Correspondance 1812-1876, 1/1831/LXV


LXV

À M. CHARLES DUVERNET, À LA CHÂTRE


Nohant, avril 1831.


Je viens vous faire mon compliment, cher camarade. Vous jouez très bien la comédie et je n’ai pas eu besoin de l’indulgence de l’amitié pour vous applaudir. J’eusse voulu avoir les pattes du Gaulois pour entraîner l’auditoire naturellement peu entraînable et beaucoup plus sensible aux farces de cache-cache qu’aux choses bien dites et bien senties. Vous êtes très drôle en garçon et en vieille femme ; mais vous êtes encore mieux dans vos habits, ce qui est, vous le savez sans doute, le plus difficile en scène. Mais dites donc à Soumain de changer de figure s’il veut ressembler à Odry. Il est beaucoup trop gentil pour faire M. Cagnard, et ne fait pas rire parce qu’il ne peut pas être caricature. Quoiqu’il ait des gestes et des manières de dire très conformes à son modèle, personne à la Châtre ne sent le mérite de cette imitation, parce que personne n’a vu Odry. Le gros Chabenat est excellent. Il a plus de naturel qu’aucun de vous, sauf vous. Dites-leur d’apprendre leurs rôles et de ne pas manquer leurs entrées. Individuellement vous jouez bien ; mais vous manquez d’ensemble.
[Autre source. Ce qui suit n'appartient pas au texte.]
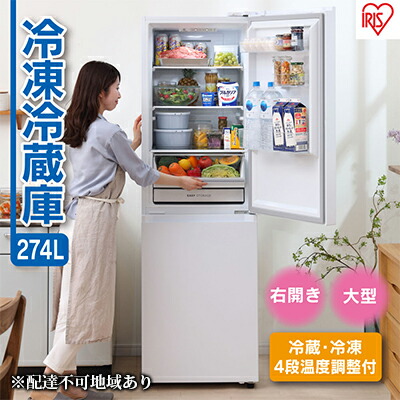 アイリスオーヤマ 冷蔵庫 1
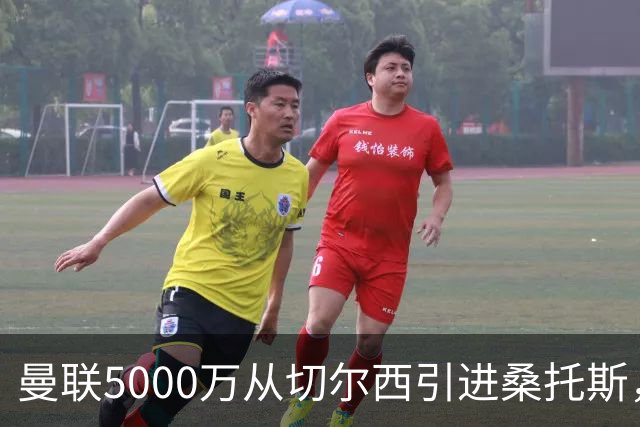 曼联5000万从切尔西引进桑托斯，周四宣布！埃德森同步体检冲刺首签
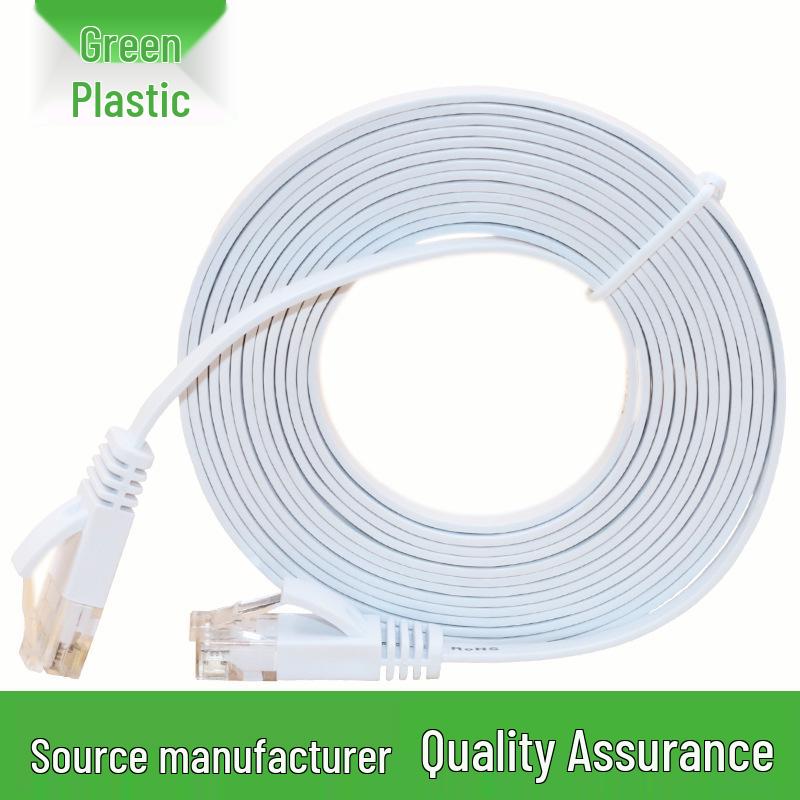 CAT6 Flat Network Cable, Oxygen-Free Copper, Pure Copper Gigabit 8-Core Patch Cord, 12,350 Meters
J’ai regret d’avoir manqué votre précédente représentation, j’étais trop malade. J’ai chargé madame Decerf de me prendre vingt billets à votre loterie. J’y aurais coopéré par quelque ouvrage si j’avais eu plus de temps et de santé.

Votre mère m’a dit que toutes ces comédies vous fatiguaient beaucoup. Prenez garde, ne vous faites pas, comme moi, vieux avant le temps.

Bonsoir, mon camarade ; je vous embrasse de tout mon cœur. Avez-vous des nouvelles d’Alphonse ? personne ne m’en donne, ni lui non plus.